To enhance your emotional intimacy:
- Do your best to understand your mate… their hopes, fears, desires, joys, etc.
- Do a “highs and lows” conversation daily. Each of you express the high point and low point of your day and how it made you feel. Be empathetic and understanding.
- Be open and vulnerable to your mate. Trust them with the “not-so-good” parts of yourself. Emotional intimacy is to love and accept someone, “warts and all.”
- Spiritual Intimacy. Sharing spiritual beliefs and practices can prove to be the bond that holds a marriage together throughout all of their life together. Respect, understanding and appreciation for your partner’s beliefs is essential to spiritual intimacy. Have you shared your belief about the ultimate power, God or whatever you believe in, and how important your beliefs are to you? How do you believe that God or the ultimate power interacts with human beings – with you? What spiritual guidance or direction will/do you give your children? Spiritual intimacy not only strengthens the relationship between couples, but gives them the power to handle life’s crises far better than others who have not connected at this very deep and crucial level.
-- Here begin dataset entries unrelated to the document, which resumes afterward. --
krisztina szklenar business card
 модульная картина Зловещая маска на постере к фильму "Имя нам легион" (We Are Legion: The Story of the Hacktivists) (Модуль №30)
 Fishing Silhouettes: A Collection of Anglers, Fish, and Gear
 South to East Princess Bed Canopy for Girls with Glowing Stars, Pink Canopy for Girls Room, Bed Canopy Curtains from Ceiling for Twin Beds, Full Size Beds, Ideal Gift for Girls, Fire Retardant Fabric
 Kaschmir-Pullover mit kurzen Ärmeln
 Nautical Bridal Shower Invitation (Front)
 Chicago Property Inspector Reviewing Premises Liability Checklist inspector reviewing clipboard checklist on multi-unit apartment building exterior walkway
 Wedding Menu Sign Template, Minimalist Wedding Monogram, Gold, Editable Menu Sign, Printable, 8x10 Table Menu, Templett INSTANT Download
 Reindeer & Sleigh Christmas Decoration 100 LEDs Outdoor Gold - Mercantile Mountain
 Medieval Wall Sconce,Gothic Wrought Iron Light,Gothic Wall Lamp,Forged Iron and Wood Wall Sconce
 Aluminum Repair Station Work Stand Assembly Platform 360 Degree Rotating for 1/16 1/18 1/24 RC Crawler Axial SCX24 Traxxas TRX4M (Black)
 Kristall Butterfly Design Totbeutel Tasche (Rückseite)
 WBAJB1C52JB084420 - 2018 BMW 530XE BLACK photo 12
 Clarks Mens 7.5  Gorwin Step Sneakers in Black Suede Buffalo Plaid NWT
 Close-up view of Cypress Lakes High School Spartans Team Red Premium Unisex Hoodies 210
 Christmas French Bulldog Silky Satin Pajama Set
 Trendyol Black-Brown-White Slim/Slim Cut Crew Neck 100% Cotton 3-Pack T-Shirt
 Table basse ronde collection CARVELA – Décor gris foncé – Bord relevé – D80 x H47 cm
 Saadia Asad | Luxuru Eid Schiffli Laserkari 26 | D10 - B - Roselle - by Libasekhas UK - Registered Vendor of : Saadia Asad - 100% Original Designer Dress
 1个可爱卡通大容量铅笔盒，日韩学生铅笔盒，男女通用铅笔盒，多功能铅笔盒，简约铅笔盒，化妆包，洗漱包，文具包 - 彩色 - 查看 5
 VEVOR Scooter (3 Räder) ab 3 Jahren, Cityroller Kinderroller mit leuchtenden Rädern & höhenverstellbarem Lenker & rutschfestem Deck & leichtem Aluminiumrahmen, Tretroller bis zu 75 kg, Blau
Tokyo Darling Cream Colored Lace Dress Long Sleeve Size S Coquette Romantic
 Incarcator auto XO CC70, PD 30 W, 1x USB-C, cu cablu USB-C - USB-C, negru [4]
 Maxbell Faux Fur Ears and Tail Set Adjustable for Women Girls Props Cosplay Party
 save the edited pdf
To enhance your spiritual intimacy:
- Have a conversation with your spouse about your worldview and spiritual beliefs
- Hold hands with your spouse and pray silent prayers. Squeeze their hand when you are done.
- Practice mindfulness and meditation with your mate. Read or listen to meditation from scripture.
- Attend religious services together and discuss what was taught and how it applies to your life.
- Go on a spiritual retreat together.
- Experiential and Recreational Intimacy. “Couples who play together, stay together.” While this might not be true in every case, participating in recreational activities draws a couple closer together and gives them many shared memories. Experiential intimacy is created when a couple shares new experiences together, whether it is dining at a restaurant that is new to you both or experiencing a new culture or learning a new game. It is experiencing activities or events together. It is about creating experiences and memories which you can discuss and share with each other.
To enhance your Experiential/Recreational Intimacy:
- Take a class together – cooking, painting, dancing, etc.
- Attend a concert or event together
- Plant a garden and cultivate it together
- Join an exercise group or gym together
- Intellectual Intimacy. This occurs when you develop a shared understanding about areas or issues in your relationship. It also is deepened as your share your thoughts, ideas and opinions with your mate without judgment or criticism.
To enhance your intellectual intimacy:
- Read a book together and/or study a new subject together
- Talk about your favorite music, songs and lyrics
- Watch highly related movies and discuss the plot, the philosophy behind it and why the protagonist behave the way he/she did
- Discuss morals and standards of behavior and why people do what they do
- Discuss world events and what effect they are having on your and our society
- Financial Intimacy. As you develop a plan for your finances and set financial goals together, your feelings of trust and confidence in each other is deepened. In this often-emotional area of marriage, it is important to understand the significance that money has for each of you – success, status, ability to accomplish dreams, security, etc.
To enhance your financial intimacy:
- Create a budget together
- Share your money style – spender or saver – and what drives that
- Share what significance money has to you – status, security, fulfillment of dreams, giving to worthy causes, etc.
- Share what your financial goals would be for 1, 5 and 20 years out.
- Sexual Intimacy. Sex can be a deeply satisfying experience when all of the other areas of intimacy are growing as well. Intimacy, knowing and being known, is as important as the act itself. For most couples, after a session of lovemaking, they feel most vulnerable and want to discuss their innermost thoughts, fears and dreams…well at least she does, he’s snoring! Seriously though, sexual intimacy can lead to emotional and even spiritual intimacy.
To enhance your sexual intimacy:
- Avoid any kind of distraction while having sex with your partner, to understand each other’s sexual needs.
- Take your mind off that office issue or whether the kids have gone off to sleep since it is a school night. Be in the moment.
- Know what your sexual desires are and what makes you happy. Only then can you think about letting your desires known to your loved one. Know their erogenous zones.
- Communication is the key to enhance sexual intimacy in the relationship. Share your likes and dislikes about sex, honestly with your partner
“Knowing and being known”, the definition of intimacy, and being accepted and loved in spite of our flaws is the fulfillment of our deepest desire. It has been said the intimacy is “into-me-see”. What a gift it is for your mate to see into you and still love and accept you! It takes courage and it means taking a risk to be loved like that.
Past emotional baggage and damage can hinder our ability to connect and prevent real intimacy in any or all of these areas. It is important to get help to heal from and let go of past hurts and experiences, and it is so worth it! You can have the love that you have always dreamed of.